Miao Xiaochun
Peking gerastert
Miao Xiaochun ist ein außergewöhnlicher Stadtvermesser. Der in Kassel ausgebildete und jetzt wieder in Peking lebende Künstler hat seine Heimatstadt mit einem Raster aus 18 waagerechten und 32 senkrechten Linien überzogen und an jedem der 639 Kreuzungspunkte seine Kamera aufgebaut. Die hat er so um die eigene Achse rotieren lassen, dass sie einen kompletten 360-Grad-Blick auf diese mechanistisch ausgewählte Szenerie festhielt. Die derart entstandenen Panoramen rollte der Künstler in der Alexander Ochs Gallery in der Sophienstraße aus und ermöglichte damit ein tiefes Eintauchen in den Alltag dieser Stadt.
Auf vielen Bildern wird man Zeuge der rasanten baulichen Veränderungen. Traditionelle Altstadtviertel aus Lehmhäusern, die sich zu einem unübersichtlichen Labyrinth aus Gebäudezeilen und Innenhöfen fügen, weichen immer mehr der Abrissbirne. Miao Xiaochun zeigt die letzten, dort noch aus Not oder aus Trotz zwischen abgebrochenen Häusern wohnenden Familien. Im Hintergrund streben bereits die üblichen Glas- und Stahlpaläste gen Himmel. Der Fotograf fängt aber auch eher idyllisch anmutende Marktszenen ein. Zuweilen dringt er sogar in Innenräume wie Sporthallen oder Hochhaustürme ein.
Interessant an dieser Arbeit ist das Zufallsprinzip. Die Orte wurden nicht nach ästhetischen Gesichtspunkten bestimmt, sondern gehorchen einem abstrakten Geo- Planing. Dieses Prinzip weist dem Projekt die Qualitäten einer Sozialstudie zu. Vor dem Kameraauge entfalten sich die zentrifugalen Kräfte dieser Gesellschaft. Blitzende Pkws aus westlicher Produktion treffen auf Gestalten, die sich in Hauseingängen kauern, um etwas Schlaf zu finden. Von breiten Straßen zweigen dunkle, gefährlich anmutende Gassen ab. Auch skurrile hybride Anordnungen wie eine Gruppe marschierender Uniformierter vor einem Riesenrad finden Eingang in dieses gewaltige Tagebuch.
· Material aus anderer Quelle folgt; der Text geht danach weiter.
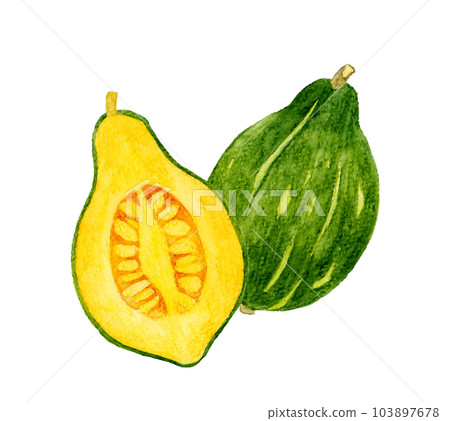 Loron pumpkin cut in half Vegetable hand-painted watercolor illustration material Loron pumpkin cut in half Vegetable hand-painted watercolor illustration material 103897678
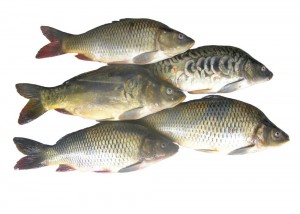 Create meme: carp, fish carp, carp fish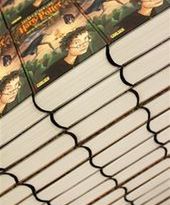 Harry Potter za 30 tysięcy euro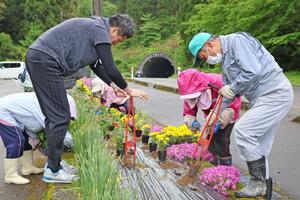 中永トンネルの入り口付近の花壇を整備する「海・花街道物語」のメンバー＝出雲崎町小釜谷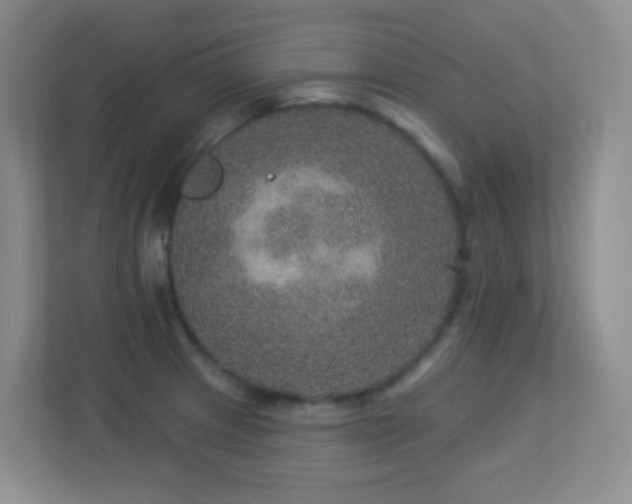 X0000113881233200909241346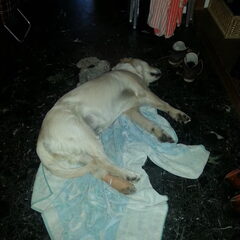 Onfortuinelijke pup Happy chiva, met gebroken teen ):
Der in der Galerie aufgebaute Computerarbeitsplatz erlaubte sogar, mit der Maus über den digitalen Stadtplan zu streifen und Miao Xiaochuns Fotostandorte anzuklicken. Meist entspricht das sich öffnende Bild der Dichte der Bebauung, die man beim Lesen des Stadtplans erwartet. Zuweilen aber kristallisieren sich die Pixel auch zu unvermuteten Brachflächen heraus.
Ausstellung und Installation »Beijing Index« sind ein Generator der Überraschungen. Sie ermöglichen ein digitales Flanieren durch die asiatische Boomtown. Alle 629 Aufnahmen waren bis letzte Woche in der Galerie zu besichtigen. Besonders reizvoll waren dabei die Sonderdrucke, die der Künstler auf klassische Seidenrollen aufbrachte.
Der an der Pekinger Zentralakademie lehrende Künstler erweist sich als ein ambitionierter Wanderer zwischen der tradierten Kunstwelt und dem zeitgenössischen technizistisch-diskursiven Milieu.